Jakarta, Cyberthreat.id – Nama domain saat ini tak sekadar menjadi alamat situs web atau sekadar merek, tapi telah menjadi kartu nama digital. Dan, itulah yang sedang dikampanyekan oleh Pengelola Nama Domain Internet Indonesia (PANDI).

“Membuat identitas digital dengan nama domain .id adalah langkah pertama untuk mempromosikan kepercayaan merek Anda secara online,” kata Ketua PANDI Yudho Giri Sucahyo dalam keterangan persnya, Rabu (17 Juli 2019).

PANDI adalah organisasi nirlaba yang dibentuk pada 29 Desember 2006 oleh pemerintah bersama komunitas internet Indonesia. Organisasi ini ditugaskan untuk mengelola nama domain .id.

Menurut Yudho, nama domain .id telah mengimplementasikan infrastruktur perlindungan data pribadi, terutama merujuk pada Regulasi Perlindungan Data Umum (GDPR) yang disusun Uni Eropa.

“Pengguna nama domain .id akan merasa lega dengan data pribadi mereka aman bersama PANDI. Selain itu, kami telah menangguhkan nama domain yang mengeksploitasi layanan kami untuk tujuan jahat seperti spam, phising, malware, pornografi, pelecehan terhadap anak-anak, judi online, dan lain-lain,” kata Yudho.

Menurut dia, sekitar 96 persen pengguna nama domain .id berasal dari Indonesia dan empat persennya berasal dari luar negeri, yang tersebar di Singapura, Australia, Jepang, Jerman, dan Amerika Serikat.
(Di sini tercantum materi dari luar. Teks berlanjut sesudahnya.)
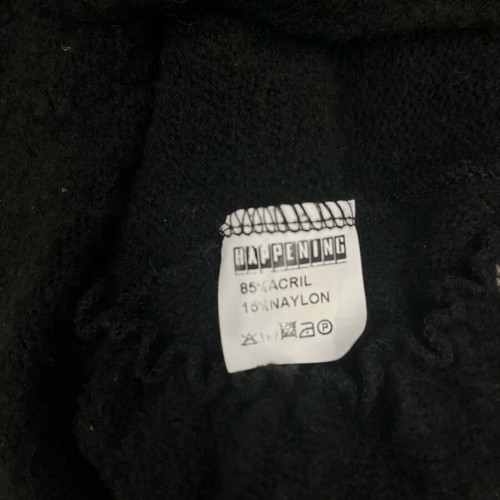 Women's knitted bolero used, black, size M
“Ini menunjukkan bahwa di luar Indonesia, nama domain .id memiliki ruang untuk tumbuh,” kata dia.

Yudho mengatakan, keuntungan dari penggunaan nama domain .id adalah mewakili kebanggaan untuk sebuah identitas dan kepercayaan ide-ide baru dengan masih banyak nama domain unik yang tersedia.

“Daftar nama domain mereka Anda dengan nama domain terbatas, unik dan mudah diingat dengan nama domain .id,” kata Yudho.